__Required action__: Would you repeat the data below exactly, taking out the images?

==== Data records

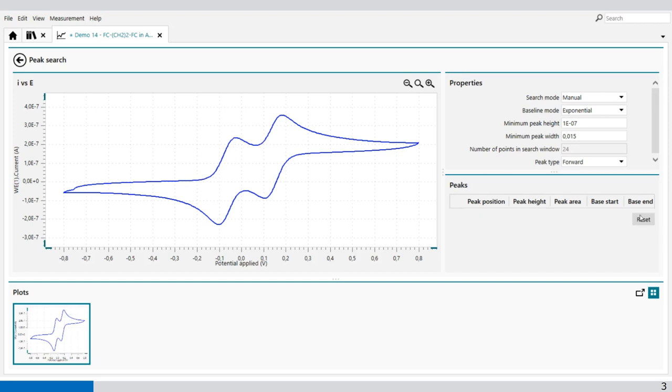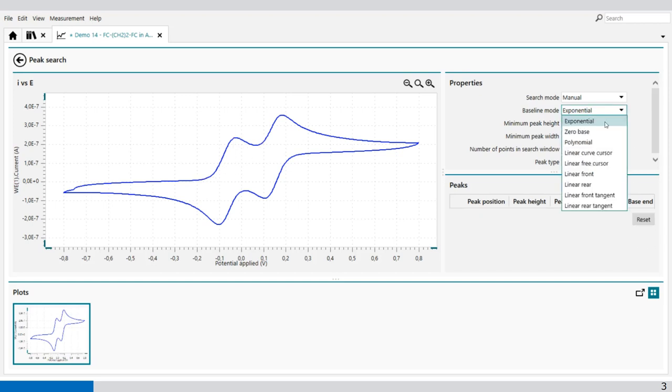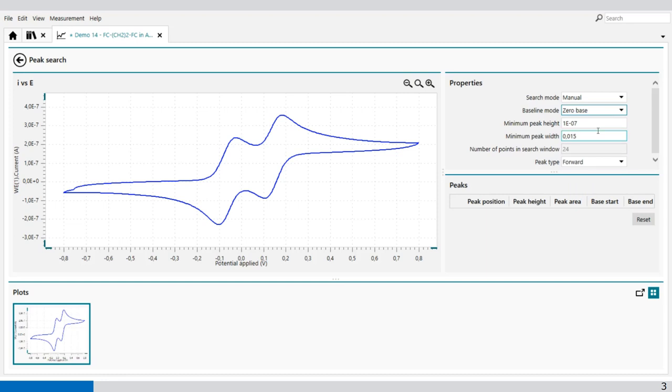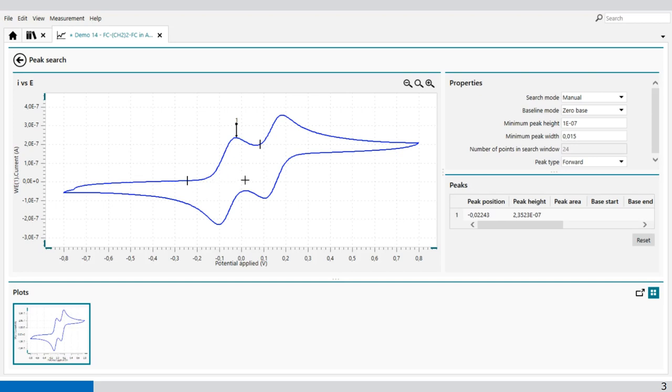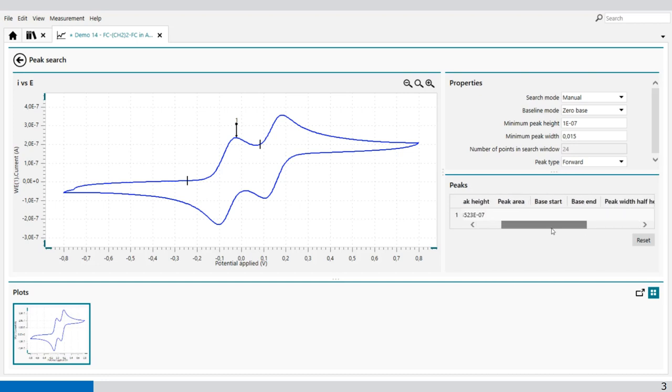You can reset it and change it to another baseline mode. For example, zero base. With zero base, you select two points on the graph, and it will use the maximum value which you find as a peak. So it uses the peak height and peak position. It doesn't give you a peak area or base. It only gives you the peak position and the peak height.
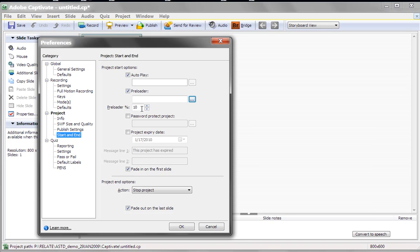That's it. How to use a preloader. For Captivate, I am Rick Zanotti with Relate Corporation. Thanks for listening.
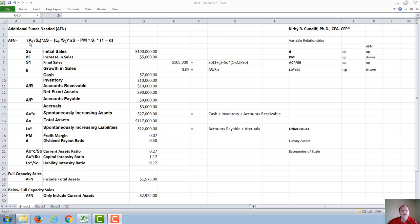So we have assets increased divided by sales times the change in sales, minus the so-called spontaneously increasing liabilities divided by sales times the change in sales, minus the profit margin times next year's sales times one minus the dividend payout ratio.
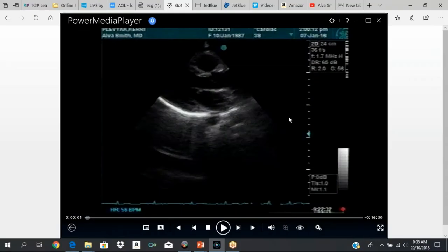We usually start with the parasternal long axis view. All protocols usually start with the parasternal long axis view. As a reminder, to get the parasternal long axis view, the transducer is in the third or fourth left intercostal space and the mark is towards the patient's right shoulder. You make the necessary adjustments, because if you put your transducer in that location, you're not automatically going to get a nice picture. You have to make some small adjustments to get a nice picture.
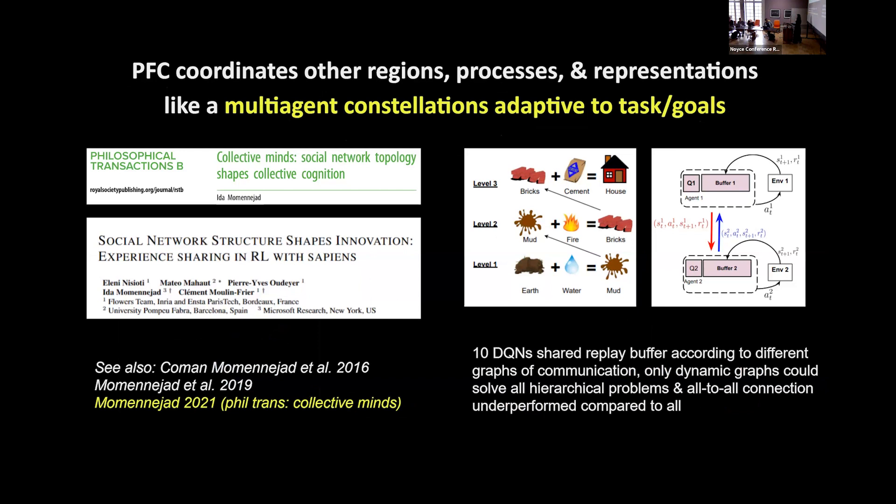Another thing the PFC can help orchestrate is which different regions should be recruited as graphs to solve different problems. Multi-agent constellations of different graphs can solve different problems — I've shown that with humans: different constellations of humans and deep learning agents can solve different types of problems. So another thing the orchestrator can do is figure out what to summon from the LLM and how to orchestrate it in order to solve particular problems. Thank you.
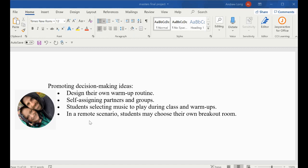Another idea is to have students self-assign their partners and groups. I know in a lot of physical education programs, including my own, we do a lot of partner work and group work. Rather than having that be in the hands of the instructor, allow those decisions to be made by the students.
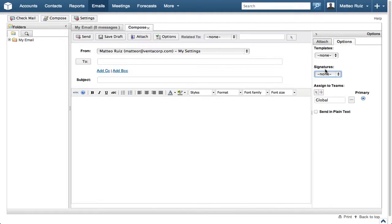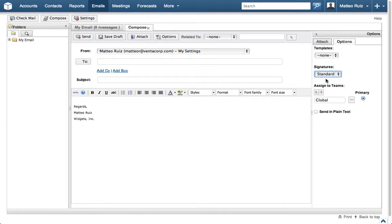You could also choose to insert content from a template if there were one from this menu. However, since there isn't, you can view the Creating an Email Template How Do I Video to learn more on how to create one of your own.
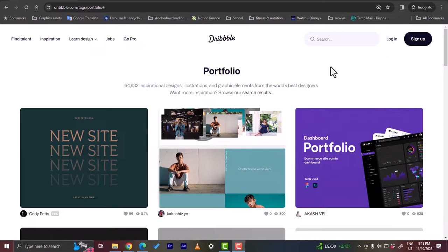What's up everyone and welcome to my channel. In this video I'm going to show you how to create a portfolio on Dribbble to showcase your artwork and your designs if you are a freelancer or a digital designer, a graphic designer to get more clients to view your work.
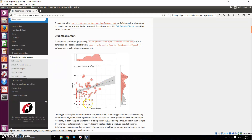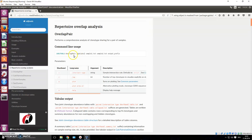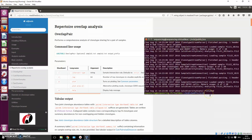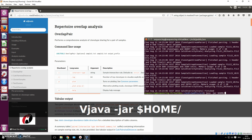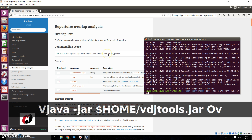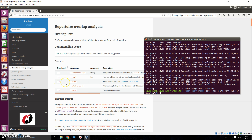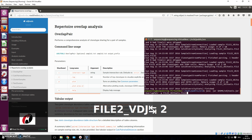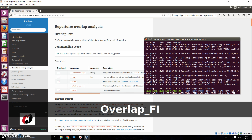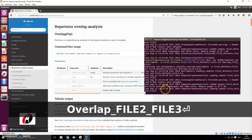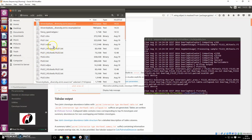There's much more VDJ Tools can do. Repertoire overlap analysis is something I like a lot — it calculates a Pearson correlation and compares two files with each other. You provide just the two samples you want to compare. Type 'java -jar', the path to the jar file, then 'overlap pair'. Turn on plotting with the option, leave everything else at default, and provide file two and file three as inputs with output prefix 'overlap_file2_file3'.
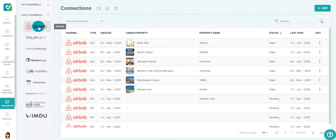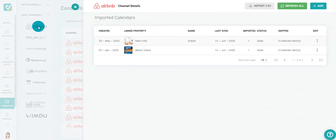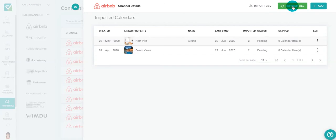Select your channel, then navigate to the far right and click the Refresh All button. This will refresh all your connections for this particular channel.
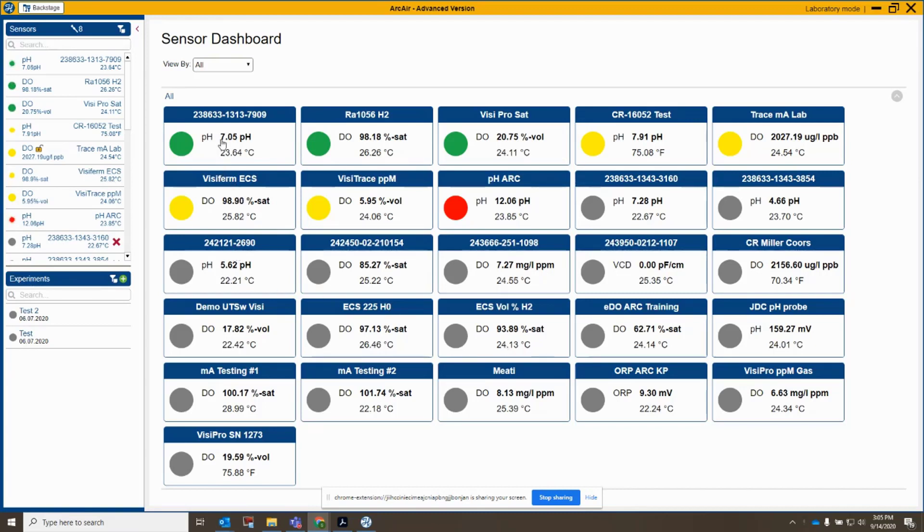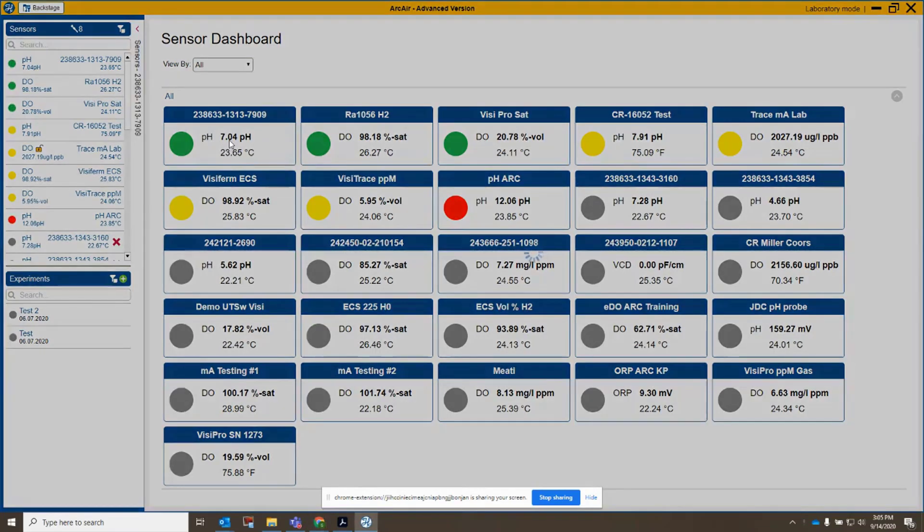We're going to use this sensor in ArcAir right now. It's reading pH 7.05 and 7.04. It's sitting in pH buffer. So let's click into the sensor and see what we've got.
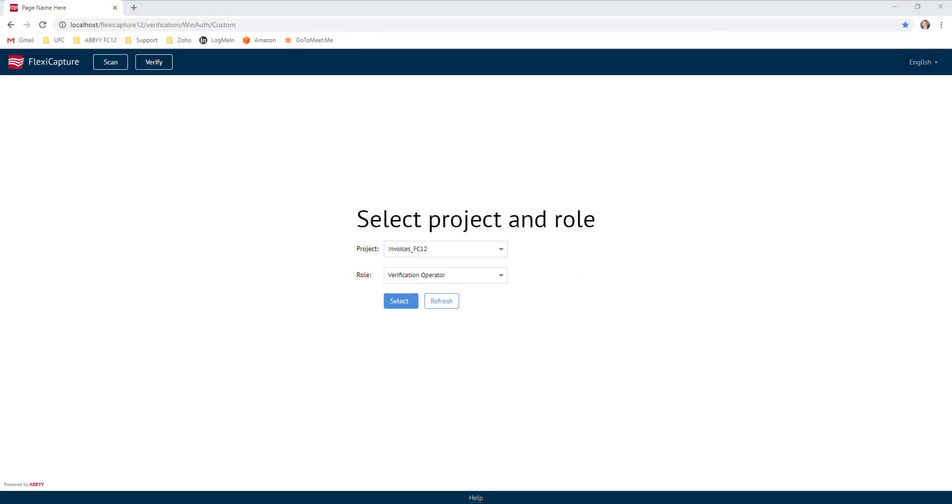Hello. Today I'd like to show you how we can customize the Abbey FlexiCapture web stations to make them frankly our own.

========

__Task solution__:
You can reset it and change it to another baseline mode. For example, zero base. With zero base, you select two points on the graph, and it will use the maximum value which you find as a peak. So it uses the peak height and peak position. It doesn't give you a peak area or base. It only gives you the peak position and the peak height.
That's it. How to use a preloader. For Captivate, I am Rick Zanotti with Relate Corporation. Thanks for listening.
So we have assets increased divided by sales times the change in sales, minus the so-called spontaneously increasing liabilities divided by sales times the change in sales, minus the profit margin times next year's sales times one minus the dividend payout ratio.
We usually start with the parasternal long axis view. All protocols usually start with the parasternal long axis view. As a reminder, to get the parasternal long axis view, the transducer is in the third or fourth left intercostal space and the mark is towards the patient's right shoulder. You make the necessary adjustments, because if you put your transducer in that location, you're not automatically going to get a nice picture. You have to make some small adjustments to get a nice picture.
Another thing the PFC can help orchestrate is which different regions should be recruited as graphs to solve different problems. Multi-agent constellations of different graphs can solve different problems — I've shown that with humans: different constellations of humans and deep learning agents can solve different types of problems. So another thing the orchestrator can do is figure out what to summon from the LLM and how to orchestrate it in order to solve particular problems. Thank you.
Another idea is to have students self-assign their partners and groups. I know in a lot of physical education programs, including my own, we do a lot of partner work and group work. Rather than having that be in the hands of the instructor, allow those decisions to be made by the students.
You could also choose to insert content from a template if there were one from this menu. However, since there isn't, you can view the Creating an Email Template How Do I Video to learn more on how to create one of your own.
What's up everyone and welcome to my channel. In this video I'm going to show you how to create a portfolio on Dribbble to showcase your artwork and your designs if you are a freelancer or a digital designer, a graphic designer to get more clients to view your work.
There's much more VDJ Tools can do. Repertoire overlap analysis is something I like a lot — it calculates a Pearson correlation and compares two files with each other. You provide just the two samples you want to compare. Type 'java -jar', the path to the jar file, then 'overlap pair'. Turn on plotting with the option, leave everything else at default, and provide file two and file three as inputs with output prefix 'overlap_file2_file3'.
Select your channel, then navigate to the far right and click the Refresh All button. This will refresh all your connections for this particular channel.
We're going to use this sensor in ArcAir right now. It's reading pH 7.05 and 7.04. It's sitting in pH buffer. So let's click into the sensor and see what we've got.
Hello. Today I'd like to show you how we can customize the Abbey FlexiCapture web stations to make them frankly our own.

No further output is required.